Des choses incroyables ont lieu ici : c’est le cas de la récente dissolution du Parlement, dominé par les islamistes. À présent, les forces armées se sont emparées du pouvoir législatif et contrôlent l’hémicycle depuis ce matin (19 juin), lorsque les forces de sécurité, munies d’équipements antiémeutes, ont empêché les députés d’accéder à l’enceinte parlementaire. En outre, l’armée a promulgué des amendements à la Constitution intérimaire visant à limiter les prérogatives du prochain président. Pour résumer, au beau milieu des élections, on dissout le Parlement, on limite les fonctions du président et on renforce le pouvoir du gouvernement militaire : rien à voir avec les revendications des manifestations continuelles de la population, qui se réunit sur la place emblématique du Caire.

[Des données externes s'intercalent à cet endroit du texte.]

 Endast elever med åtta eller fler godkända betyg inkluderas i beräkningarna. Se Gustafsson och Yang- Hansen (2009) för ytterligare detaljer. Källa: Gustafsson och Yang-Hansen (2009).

La place Tahrir redevient ainsi la porte-parole des revendications en Égypte, où de nombreux groupes ont convoqué une manifestation pour protester contre les projets de la junte militaire qui, non contente de conserver sa mainmise sur le secteur militaire et sur l’économie, s’est emparée du pouvoir législatif et a réduit les fonctions du prochain président élu, dont on ignore toujours le nom.

Un de ces groupes, le Mouvement du 6 avril –une des forces populaires clé de la révolution qui avait permis d’accélérer la chute du régime de l’ancien président Hosni Moubarak en février 2011– a appelé tous les Égyptiens à « rejeter l’acte constitutionnel dans son intégralité ». Avant le début du rassemblement, le groupe prévoit d’aller manifester devant le siège du désormais inexistant Parti national démocratique de Moubarak, situé dans les environs de la place.

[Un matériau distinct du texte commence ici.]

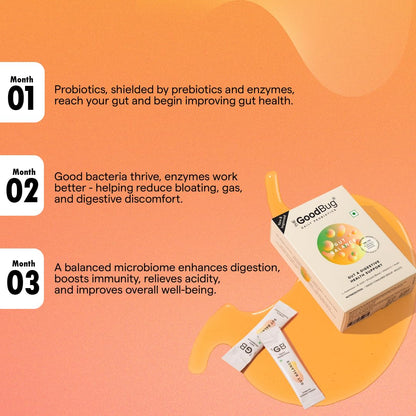 The Good Bug New & Improved Overall Digestive Health Gut Balance Probiotics Supplements- 3Bn Cfu Of Clinically Proven Strains | Aids Digestion, Enhances Nutrient Absorption & Metabolism |15 Days Pack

De son côté, l’immense force populaire que constituent les Frères musulmans a également annoncé qu’elle participerait à « toutes les manifestations populaires contre le coup d’État constitutionnel » (rappelez-vous que Nasser avait déjà, à son époque, réussi à freiner cette force lorsqu’il était arrivé au pouvoir).

Par ailleurs, l’État-major égyptien a adopté, il y a deux jours, une série d’amendements à la constitution intérimaire, en vigueur depuis mars 2011, visant à renforcer ses prérogatives avant la passation de pouvoir toute proche à un président élu par les urnes à la suite des élections qui se sont tenues le week-end dernier.

Par l’entremise de ces modifications, le Conseil suprême des forces armées (CSFA) conservera son autonomie au moment de prendre des décisions concernant l’armée ; il conservera également le pouvoir législatif qu’il a repris après la dissolution du Parlement, qui était dominé par les islamistes. Par conséquent, il s’agit d’un évènement qui ressemble à un coup d’État militaire en plein milieu d’un processus d’élections démocratiques, fait totalement inimaginable dans les pays où il y a encore de véritables démocraties.

Dans l’attente de la divulgation des résultats officiels des élections présidentielles, prévue jeudi prochain (21 juin), les deux candidats principaux, l’islamiste Mohamed Morsi, candidat des Frères musulmans, et le général à la retraite Ahmed Chafik, ancien premier ministre d’Hosni Moubarak, revendiquent chacun la victoire. La tension est à son comble.

Hier soir, le président du CSFA, le maréchal Hussein Tantaoui, a adopté une résolution décidant de la création d’un Conseil de défense nationale qui règlerait tout ce qui concerne la défense, les services secrets, la sécurité et les affaires relatives aux forces armées. En conséquence, le pouvoir de décision du nouveau président dans ce domaine sera très réduit.

Selon le communiqué officiel, les membres de cet organe seront les présidents de la chambre haute et de la chambre basse du Parlement, le chef des Forces armées, les ministres de l’Intérieur, des Affaires étrangères et des Finances, le chef d’état-major de l’armée et le chef des Services secrets. En outre, les dirigeants des Forces aériennes et navales, le vice-ministre de la Défense et son secrétaire général ainsi que le commandant des opérations des forces armées, entre autre, seront de la partie.